Apple Car Play und Android Auto kann der Stinger, Musik kommt im GT serienmäßig aus einem Harman/Kardon-Soundsystem mit 15 Lautsprechern und 720 Watt Leistung. Das klingt ok, aber klänge viel besser, wenn die Türverkleidungen nicht schon bei Zimmerlautstärke mitklappern würden. Ein Problem, dass auch andere Hersteller wie Skoda beim Superb mit den optionalen Soundsystemen hatten.
Wenn man schon beim Nachbessern ist, könnten die Kia-Techniker auch gleich nach den Türen schauen. Die knistern in der steifen Karosserie bei Unebenheiten in ihren Dichtungsgummis. Ein höheres Anzugsmoment der Türscharniere könnte Abhilfe schaffen.
Glamour (der Auftritt) und Geilheit (der Antritt) sind also ansatzweise erörtert worden, bleibt noch der Geiz.
Trotz seiner Sonderrolle als saftige Fahrmaschine bleibt der Kia Stinger an der Kasse nämlich ganz der brave Koreaner. 54.900 Euro kostet beim Kia-Händler eine große Limousine mit 370 PS, Nappalederausstattung und Vollausstattung. Das muss nochmal zusammengefasst werden.
Metalliclackierung und Schiebedach sind die einzig möglichen Optionen, die Sportabgasanlage aus dem Zubehör für 2.599 die wohl empfehlenswerte für mehr Sound des V6 (der Testwagen hatte sie nicht verbaut, daher bleibt die Vermutung).

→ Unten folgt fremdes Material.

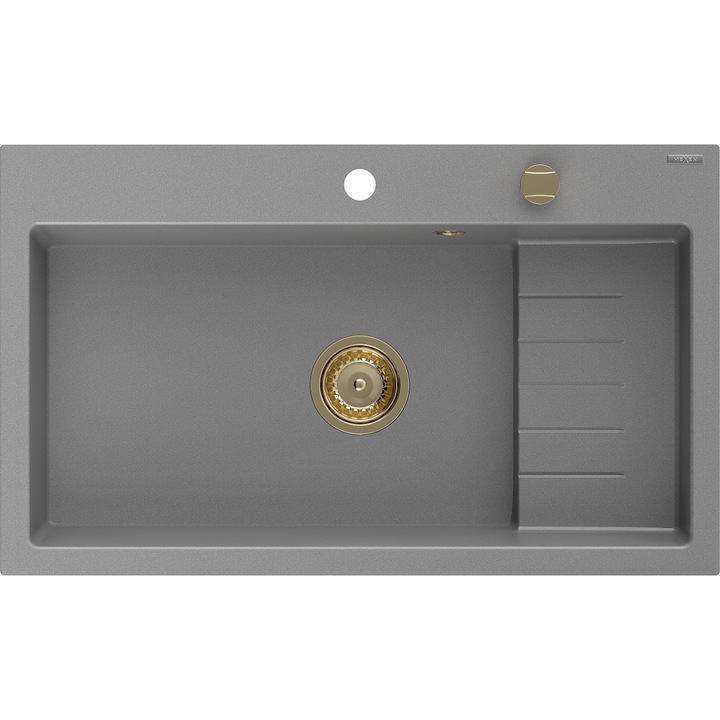 Chiuvetă granit Mexen Omar, 1 compartiment, gri, 800x480mm, sifon auriu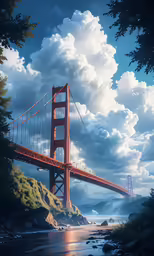 a painting of the golden gate bridge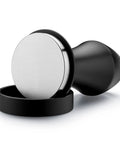45.5mm Spring Loaded Coffee Tamper V4 for Flair Pro and Pro 2 with 304 Stainless Flat Base and Black Aluminum Handle in stand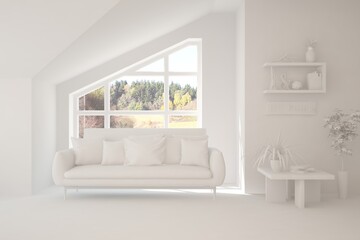 White minimalist living room with sofa. Scandinavian interior design. 3D illustration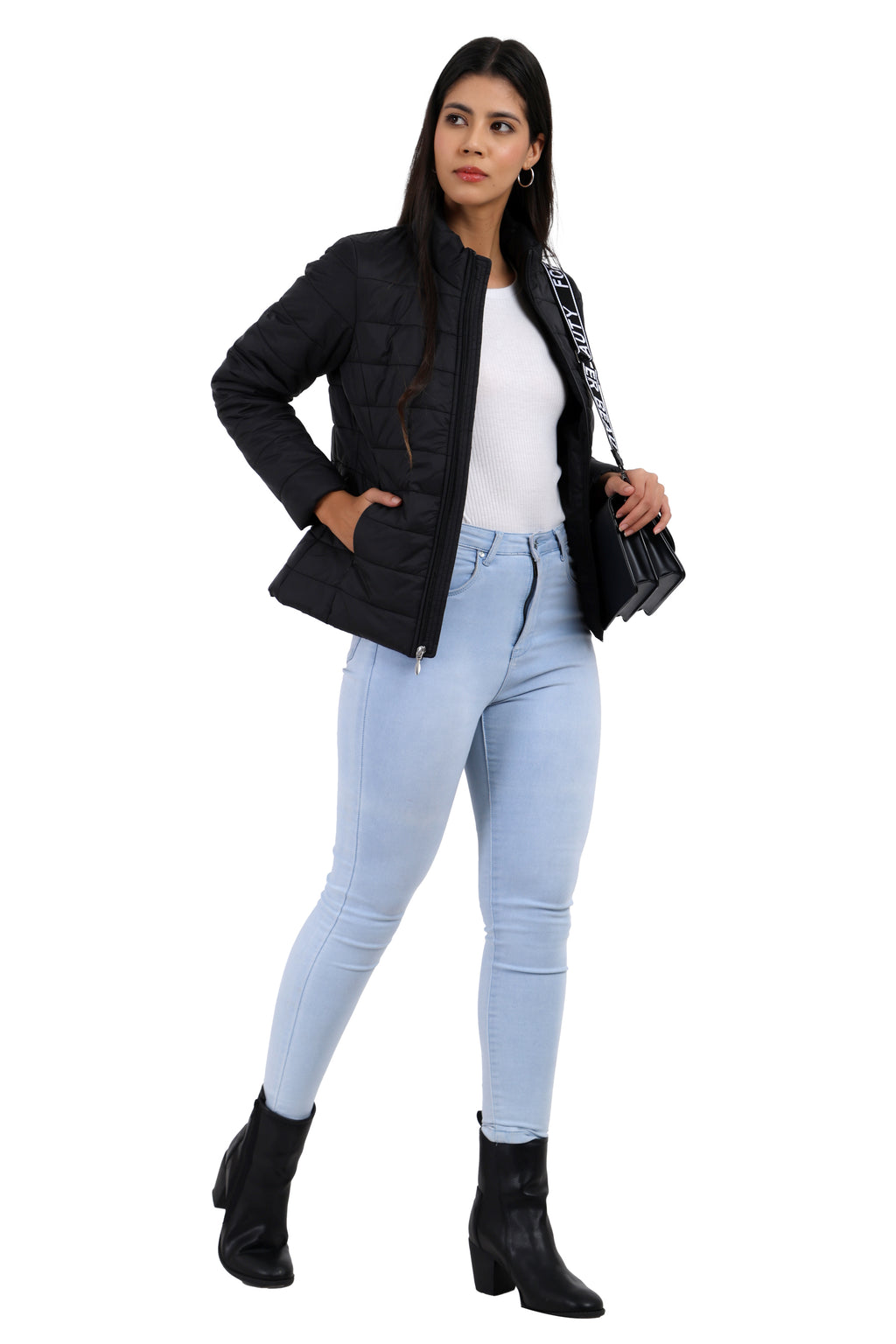 Women's Quilted Jacket in Concealed Zipper Pocket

Audi S5 Sportback oder BMW 440i xDrive Gran Coupé kostet vergleichbar ausgestattet zwischen 20.000 und 25.000 Euro mehr als der Stinger. Und die bieten dann zwei statt sieben Jahre Garantie.
Auf den Parkplätzen größerer Firmen wird der Stinger dennoch eine Seltenheit bleiben. Neben dem mangelnden Mut der Dienstwagenberechtigten spielen da auch die Leasingraten eine Rolle. Trotz des höheren Neupreises mit kostet ein Audi S5 Sportback je nach Anbietet um die 70 Euro weniger im Monat.
Wer aber als Selbständiger bar kauft und nur die 1%-Regel beachten muss oder als Privatkunde Lust auf das Besondere hat, der bekommt mit dem Kia Stinger eine richtig leckere Fahrmaschine.
Den Mut, in dieser Klasse einen Kia zu kaufen, wird der Stinger seinem Fahrer jeden Tag belohnen. Gleichzeitig ist auch dem Hersteller der Mut anzurechnen, in der Zeit der SUV-Hysterie eine derart scharfe Sportlimousine auf den Markt zu werfen.
Die Bildergalerie zum Kia Stinger findet Ihr unter dem Video-Link.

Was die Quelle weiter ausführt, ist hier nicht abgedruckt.